Rebecca's Vision by Brantley Bardin
taken from Details magazine 99
 If television is the opiate of masses, Rebecca Gayheart - star of Kevin Wiliamson's
   new twentysomething angst fest Wasteland - is one addiction we can really get behind

  Ah, the plight of a beautiful woman. Take Rebecca Gayheart. As nubile Noxzema girl, she buffed her
   face all the way to a Wayne's World schwing award. She died for love as a Mafia princess on Beverly

    Hills 90210. She even save mankind from an alien invasion in, yep, Robin Cook's Invasion. Still, something was

missing. "I didn't give a damn what it was," Gayheart says, "But I knew I needed something outrageous so

                   people would stop with the whole girl-next-door, good skin thing."

   That something came in the form of an ax-wielding psychopath, which she played in 1998's slash fest
  Urban Legend, and then again as an accomplice to a nasty murder in this year's Jawbreaker. You might

  think, now that she's hooked up with Scream king Kevin Williamson for his new TV series, Wasteland,

                that Gayheart is into something even bloodier... and more acne-oriented.

 But no. In this ensemble comedy-drama about six friends struggling to find themselves, she's called upon
 to play a wannabe actress turned assistant in the New York City district attorney's office. While she's not

 exactly the girl next door, her skin is clear and smooth. Says Williamson, "Rebecca's the essence of Sam,

 a Southern debutante who seems as if she's gotten everywhere in life on her beauty alone. Her character's

                          journey is going to dispel the myth at every turn."

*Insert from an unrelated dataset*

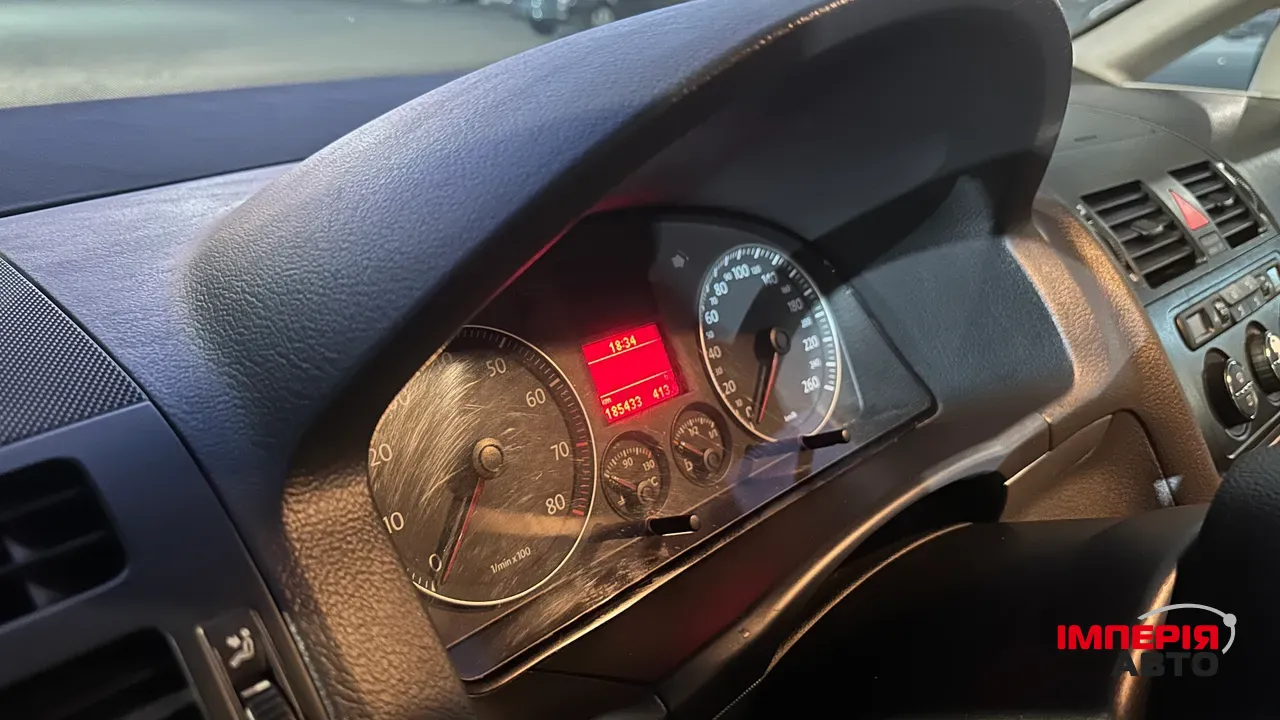 Volkswagen Touran - фото 12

     Williamson's Dawson's Creek put cool teen sex on the TV map. In Wasteland, he puts a group of
     postcollegiate types under the microscope to examine what he calls their "second coming of age."

 Gayheart, 27, counts herself among them. "Before, it was a given that you'd get married and start a family

at a certain age," she says, "but my generation avoids it. We still act like we're 20. I mean, it's a great thing

                  to be young at heart and all, but when do we step up to the plate?"

   She's sincere, even though the implicit comparison to these slackers doesn't seem quite apt. After all,
 Gayheart's a coal-miner's daughter who left the hills of Pine Top, Ky., for New York City - alone - at age

   15; she has been committed to the same man, film and video director Brett Ratner, for more than 10

    years; and sweetest of all, she wishes for nothing more than to make enough money to "whisk" her

 parents away from Appalachia. "When I start to complain about being tired and have a call time at five in

 the morning," she confesses, " I just say to myself, Okay, girl, reality check. I mean, my father does for a

                               living is the hardest work in the world."

   Williamson calls her "a remarkable actress who's been completely underrated about what she's really
          capable of doing." Still, Gayheart humbly claims to be a bit shell-shocked by her Holly

   Golightly-in-Hollywood status: "Sometimes I wake up and think, How did I get here?" Nevertheless,

 sometimes a beautiful woman just likes to be told that she's beautiful. "Not long ago I was in New York,"

  she says, " and this homeless guy asked me for some money. I said sorry and kept on walking, but then

    he yelled out, 'Hey, you look like Michelle Pfeiffer!' I swear I stopped in my tracks, turned around,

   opened my wallet, and handed the guy a $20 bill." She adds, with a laugh, "See? All women want is a

                                          compliment!"